Development of infrastructure for transport has always been the PML-N’s forte, even in their previous terms. While such initiatives are extremely essential for economic progression, when each project is marred with scandals of wide scale corruption and lack of accountability, they become a burden and an insult to hardworking taxpayers and the national exchequer. The OLMT is no different, not only has the project sealed the fate of various precious heritage sites of Lahore like Shalamar Gardens, General Post Office, Supreme Court-Lahore Registry, Mauj Darya Shrine and Chauburji, it also promises to displace thousands of residents that have been living there since generations.

The main point of dissent over the OLMT has been the way this project has almost been an obsession for the Chief Minister of Punjab, Shehbaz Sharif, who has bulldozed all legislative filters in the political system to achieve what he envisioned. The fact remains that everything from the construction work to the law making process, has been carried out dictatorially, without any accountability or satisfying the relative stakeholders. Despite a Prohibitory Injunctive Order, directing the government to put a stop to the construction work, the government through the Lahore Development Authority (LDA) has been continuously violating the order of the Lahore High Court. If that is not dictatorial then what is?

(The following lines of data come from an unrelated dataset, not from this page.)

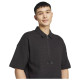 Adidas Ανδρική κοντομάνικη μπλούζα All SZN Waffle Knit Half-Zip Polo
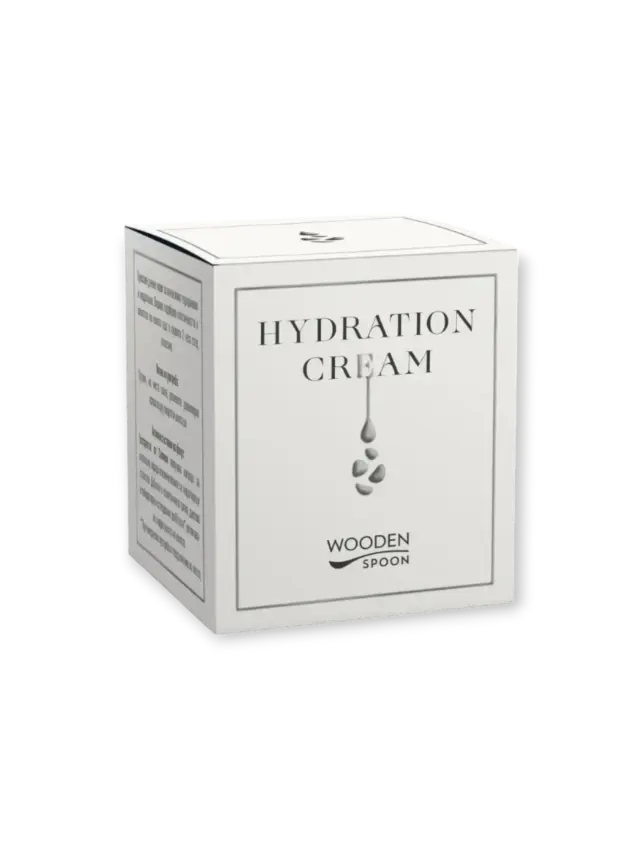 Hydration daily moisturizing face cream, 50 ml Wooden Spoon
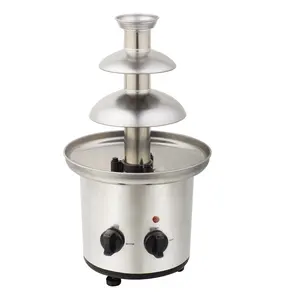 LFGB FDA Professional 3 Tier Chocolate Fountain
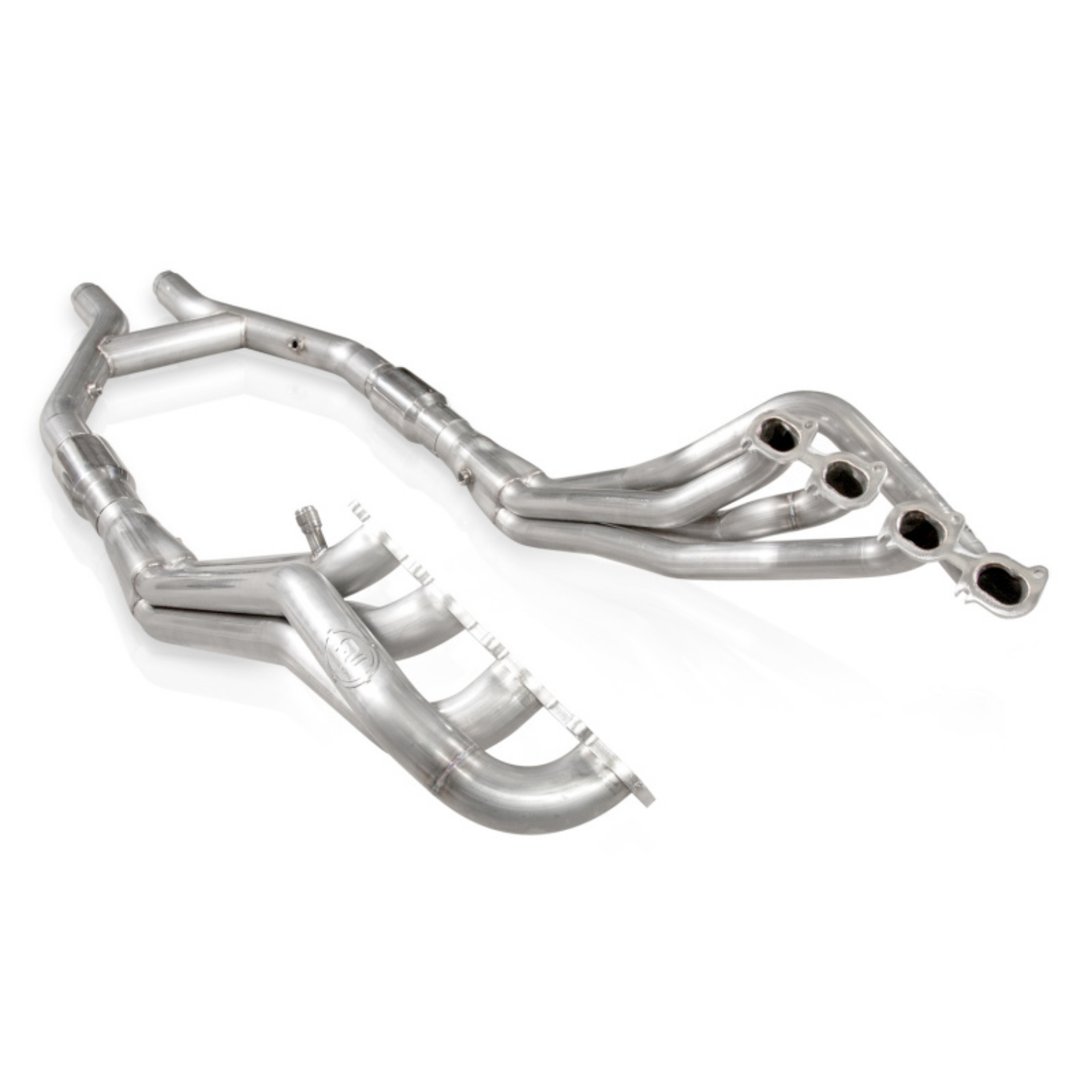 Picture of Stainless Works 2011-14 Shelby GT500 Headers 1-7-8in Primaries High-Flow Cats 3in H-Pipe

The OLMT project has been criticised of overlooking the mobility needs of 98% of the population of the city while spending over $3 billion in public money, and the BRT boasts of the same discrepancies, despite what the PM likes to believe. Karachi has a plethora of problems that need absolutely urgent attention, like provision of safe drinking water, sewage facilities and urban waste management. Once all of those are set in order it is absolutely justified to spend millions of dollars on mega transport projects.